Exercise: Using the data that follows, say how many lines contain the word "House", giving the number by itself.

Data excerpts:
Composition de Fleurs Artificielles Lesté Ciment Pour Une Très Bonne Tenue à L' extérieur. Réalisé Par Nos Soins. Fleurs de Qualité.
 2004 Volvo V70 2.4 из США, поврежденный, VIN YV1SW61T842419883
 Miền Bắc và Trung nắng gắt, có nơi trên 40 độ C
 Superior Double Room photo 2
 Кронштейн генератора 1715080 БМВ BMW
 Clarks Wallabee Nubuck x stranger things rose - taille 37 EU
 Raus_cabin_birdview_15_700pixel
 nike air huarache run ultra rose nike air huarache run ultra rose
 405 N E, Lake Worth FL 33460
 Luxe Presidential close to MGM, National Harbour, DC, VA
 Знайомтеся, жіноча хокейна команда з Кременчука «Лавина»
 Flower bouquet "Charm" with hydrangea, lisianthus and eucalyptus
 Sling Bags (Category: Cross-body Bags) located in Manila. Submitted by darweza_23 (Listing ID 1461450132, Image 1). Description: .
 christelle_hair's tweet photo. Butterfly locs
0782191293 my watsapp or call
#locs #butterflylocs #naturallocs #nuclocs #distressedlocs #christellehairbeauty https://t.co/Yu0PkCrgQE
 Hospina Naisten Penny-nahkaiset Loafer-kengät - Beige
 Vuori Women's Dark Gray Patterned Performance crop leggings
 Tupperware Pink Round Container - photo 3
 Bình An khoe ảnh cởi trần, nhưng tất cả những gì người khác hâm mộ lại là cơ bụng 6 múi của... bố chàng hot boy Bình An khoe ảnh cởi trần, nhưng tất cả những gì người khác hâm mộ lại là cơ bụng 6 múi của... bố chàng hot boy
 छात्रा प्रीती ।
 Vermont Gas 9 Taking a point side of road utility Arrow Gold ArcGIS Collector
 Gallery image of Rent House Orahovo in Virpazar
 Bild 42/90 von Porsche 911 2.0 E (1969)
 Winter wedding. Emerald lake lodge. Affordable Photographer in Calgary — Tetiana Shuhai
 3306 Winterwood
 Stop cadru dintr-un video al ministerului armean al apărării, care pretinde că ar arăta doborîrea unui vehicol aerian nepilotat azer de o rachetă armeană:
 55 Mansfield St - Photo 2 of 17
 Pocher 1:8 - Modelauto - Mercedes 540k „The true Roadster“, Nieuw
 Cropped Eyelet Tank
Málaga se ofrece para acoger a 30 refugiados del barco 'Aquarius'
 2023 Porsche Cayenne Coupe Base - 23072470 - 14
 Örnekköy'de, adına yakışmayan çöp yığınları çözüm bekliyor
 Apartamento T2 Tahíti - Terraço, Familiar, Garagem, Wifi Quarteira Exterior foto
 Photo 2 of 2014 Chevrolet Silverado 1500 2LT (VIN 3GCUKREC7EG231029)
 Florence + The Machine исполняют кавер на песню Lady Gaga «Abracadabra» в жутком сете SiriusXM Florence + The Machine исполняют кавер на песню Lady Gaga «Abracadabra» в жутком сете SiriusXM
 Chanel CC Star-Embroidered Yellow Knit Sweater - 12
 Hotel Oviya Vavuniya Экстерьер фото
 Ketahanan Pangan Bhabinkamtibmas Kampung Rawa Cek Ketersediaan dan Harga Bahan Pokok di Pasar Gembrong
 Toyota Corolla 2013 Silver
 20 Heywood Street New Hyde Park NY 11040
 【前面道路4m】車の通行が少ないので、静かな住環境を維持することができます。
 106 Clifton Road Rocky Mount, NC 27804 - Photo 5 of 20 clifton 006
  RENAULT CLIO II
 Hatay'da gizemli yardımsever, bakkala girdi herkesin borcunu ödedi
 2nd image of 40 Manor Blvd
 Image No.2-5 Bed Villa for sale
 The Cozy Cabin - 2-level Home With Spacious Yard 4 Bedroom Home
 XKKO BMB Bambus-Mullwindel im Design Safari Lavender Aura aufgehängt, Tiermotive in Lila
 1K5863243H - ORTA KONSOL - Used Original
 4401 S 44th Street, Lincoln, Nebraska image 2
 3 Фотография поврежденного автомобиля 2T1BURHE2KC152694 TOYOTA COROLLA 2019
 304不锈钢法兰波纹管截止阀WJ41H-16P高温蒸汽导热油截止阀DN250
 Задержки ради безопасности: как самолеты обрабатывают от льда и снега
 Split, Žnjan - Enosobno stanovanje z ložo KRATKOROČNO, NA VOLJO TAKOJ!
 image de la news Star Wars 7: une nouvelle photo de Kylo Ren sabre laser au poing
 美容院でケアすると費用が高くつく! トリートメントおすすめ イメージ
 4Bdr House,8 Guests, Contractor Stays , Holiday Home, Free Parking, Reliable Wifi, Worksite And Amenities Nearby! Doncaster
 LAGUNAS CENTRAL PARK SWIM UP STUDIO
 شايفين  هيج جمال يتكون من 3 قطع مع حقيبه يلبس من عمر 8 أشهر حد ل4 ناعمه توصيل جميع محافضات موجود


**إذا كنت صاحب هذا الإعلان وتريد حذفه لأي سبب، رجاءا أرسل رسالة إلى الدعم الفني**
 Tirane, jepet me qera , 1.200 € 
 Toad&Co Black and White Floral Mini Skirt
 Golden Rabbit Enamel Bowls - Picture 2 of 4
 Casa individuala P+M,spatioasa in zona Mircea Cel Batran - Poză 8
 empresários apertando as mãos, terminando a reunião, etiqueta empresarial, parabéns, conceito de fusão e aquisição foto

Answer space: 2